- [Image-text web data]:
•••••

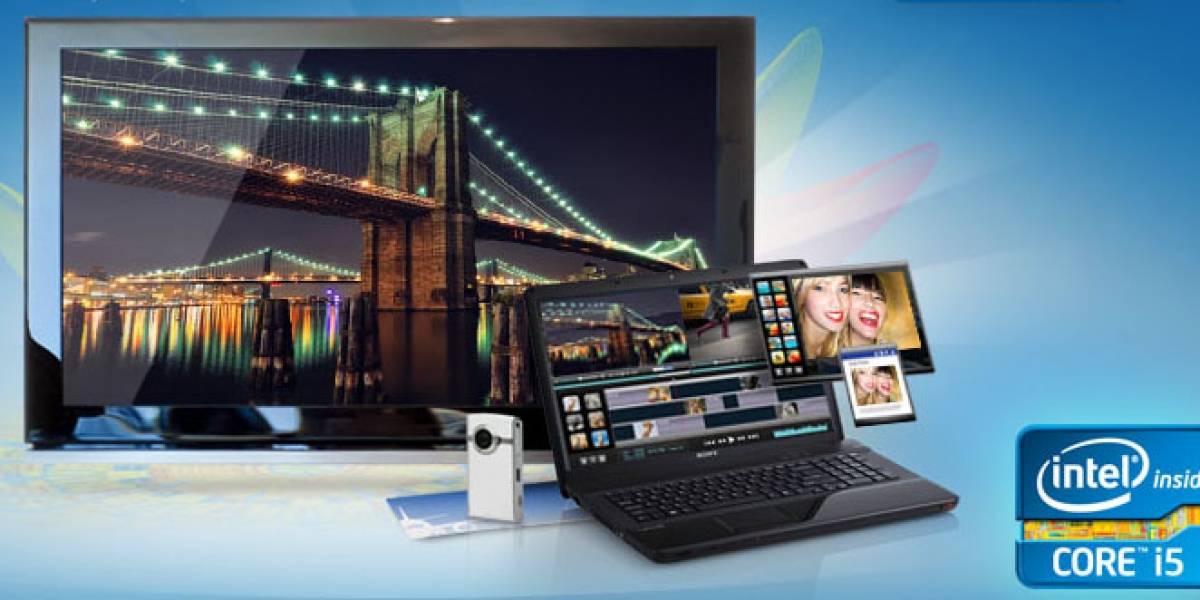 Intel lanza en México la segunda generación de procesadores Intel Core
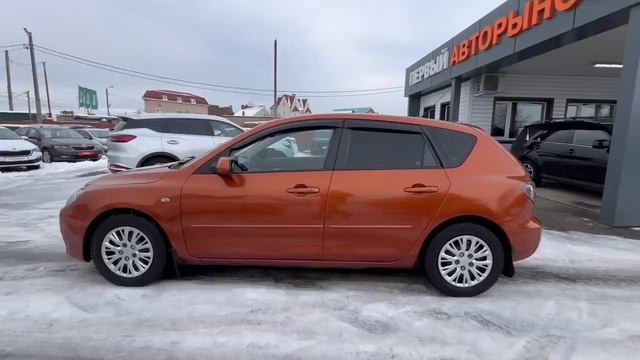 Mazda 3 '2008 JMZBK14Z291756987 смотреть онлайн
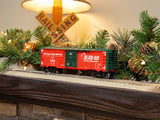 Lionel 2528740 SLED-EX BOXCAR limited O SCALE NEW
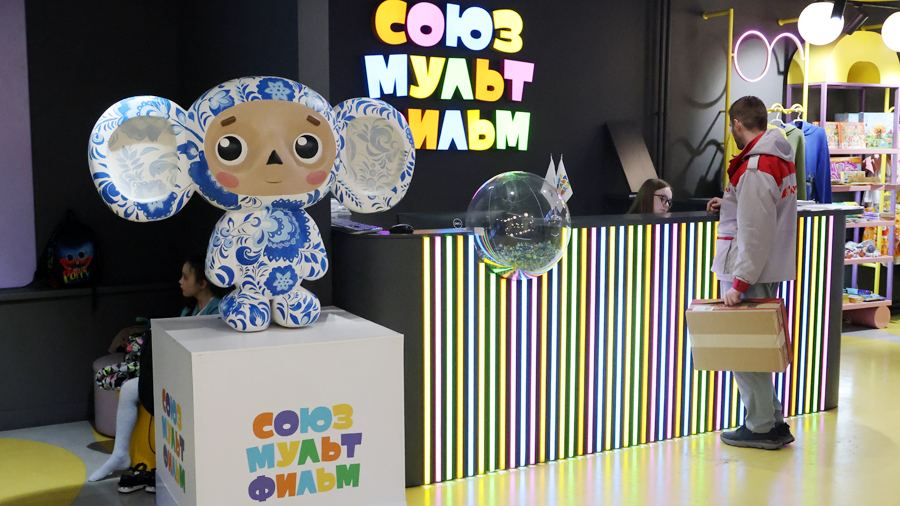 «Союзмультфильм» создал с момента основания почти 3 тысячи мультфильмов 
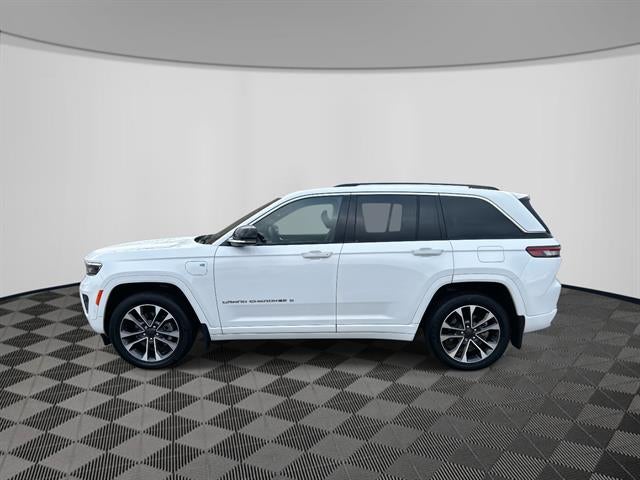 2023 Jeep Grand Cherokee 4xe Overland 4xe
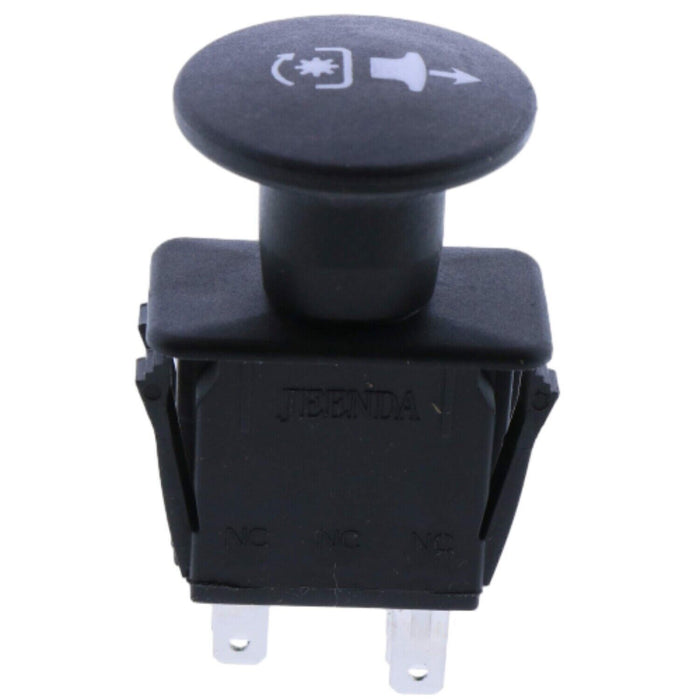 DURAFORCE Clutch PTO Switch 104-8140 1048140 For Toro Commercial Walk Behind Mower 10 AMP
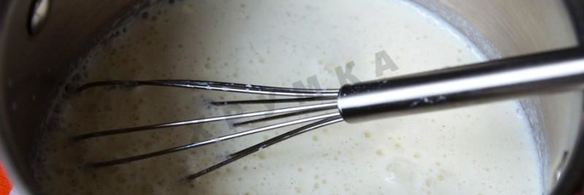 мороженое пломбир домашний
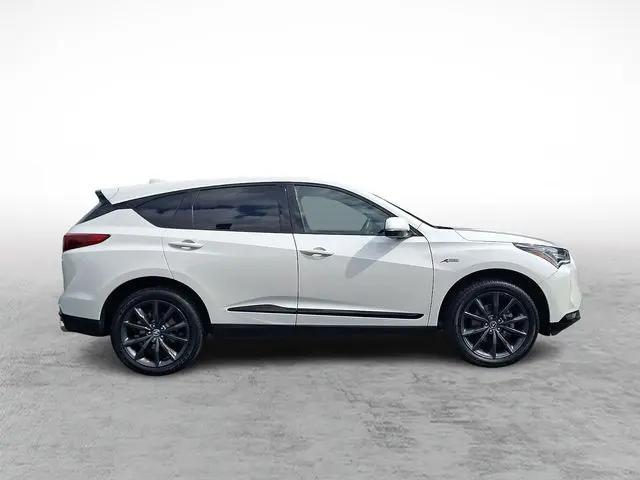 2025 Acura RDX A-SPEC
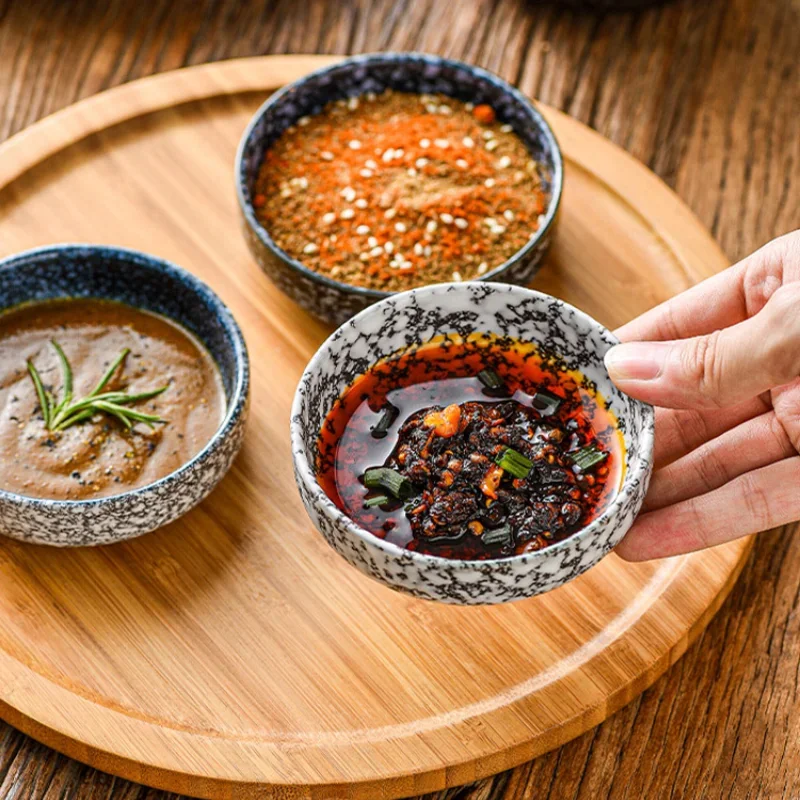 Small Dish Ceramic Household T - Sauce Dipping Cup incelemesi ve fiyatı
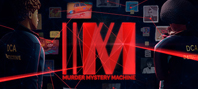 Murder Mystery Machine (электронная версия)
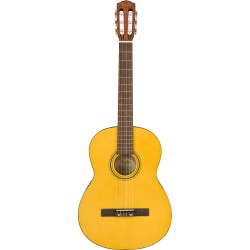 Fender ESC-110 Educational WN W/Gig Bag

•••••

- [WORK ORDER]: Your reply should consist only of the lines running from the line with "Murder Mystery Machine (электронная версия)" to the end of the entries, both included, copied exactly and without any pictures.

- [RESPONSE AREA]:
 Murder Mystery Machine (электронная версия)
 Fender ESC-110 Educational WN W/Gig Bag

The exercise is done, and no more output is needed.